Speaker
Description
Silver iodide is extensively studied for its ionic conductivity, in addition to its thermally-driven polymorphism into several phases including wurtzite, zincblende, rocksalt, and body-centered cubic [1,2]. The exact mechanisms and driving forces behind these transformations, however, are not well understood. Recently, molecular dynamics simulations (MD) informed by machine-learned interatomic potentials (MLIP) have been a promising tool to provide an atomistic picture of mechanically- and thermally-driven transformations [3]. To that end, we report progress in MD-MLIP simulations of the dominant phases in the pressure-temperature window of interest (1-5 kbar, 200-500K) to provide insight on the atomistic mechanisms for the polymorphism with implications for other drivers for such transformations (i.e. mechanochemistry).
References
[1] S. De Panfilis, A. Di Cicco, A. Filipponi, & M. Minicucci. Solid and liquid AgI at high pressure and high temperature: A X-ray absorption spectroscopy study. High Press. Res. 22, 349 (2010).

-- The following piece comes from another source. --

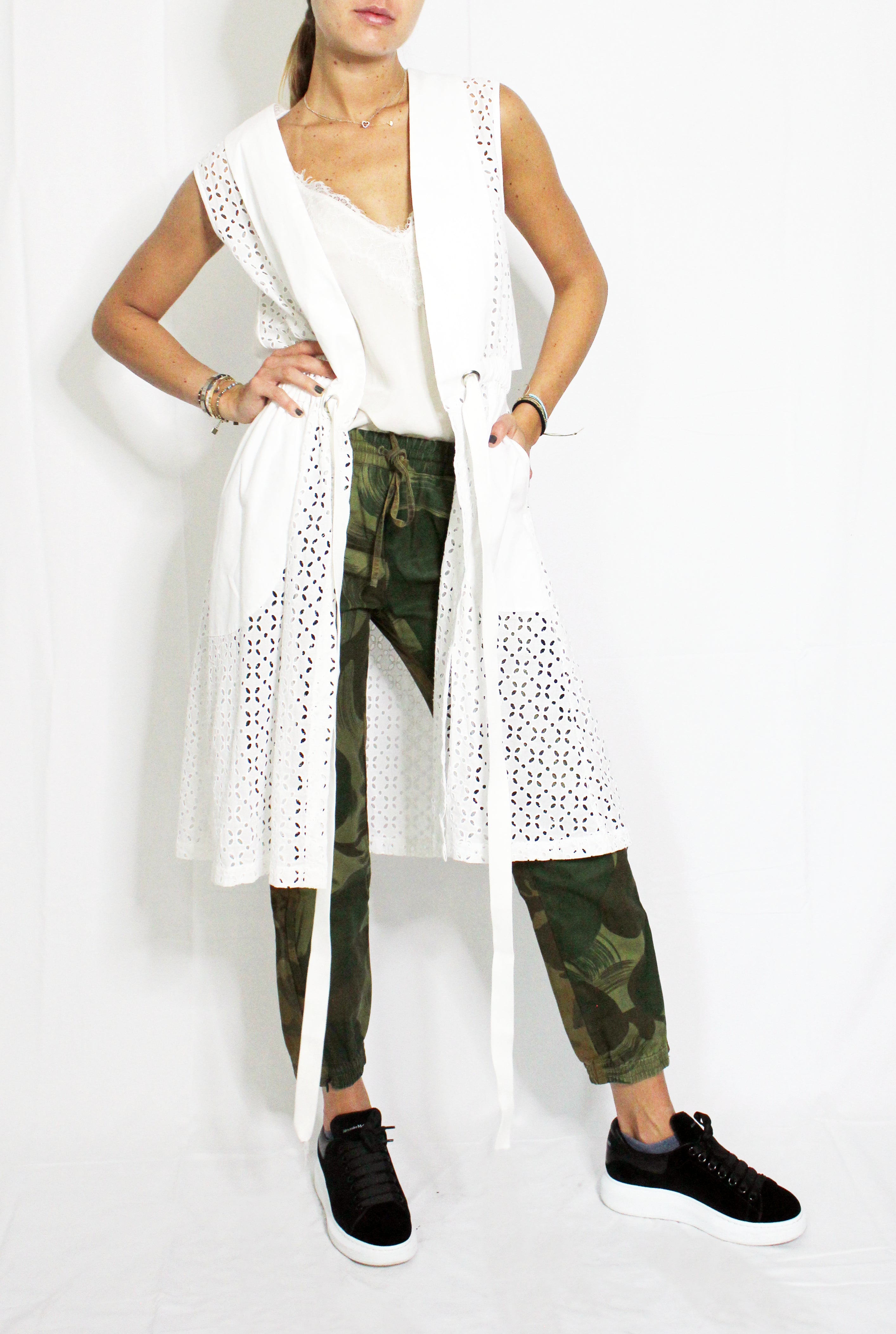 Person wearing a white long-sleeve top, green camouflage pants, and black sneakers on a white background. Indonesian cool summer vest — handmade designer cotton summer vest from Major Minor Jakarta, relaxed fit, limited edition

[2] O. Ohtaka, H. Takebe, A. Yoshiasa, H. Fukui, & Y. Katayama. Phase relations of AgI under high pressure and high temperature. Solid State Commun. 123, 213 (2002).
[3] H. Zong, G. Pilania, X. Ding, G. J. Ackland, & T. Lookman. Developing an interatomic potential for martensitic phase transformations in zirconium by machine learning. npj Comput. Mater. 4, 48 (2018).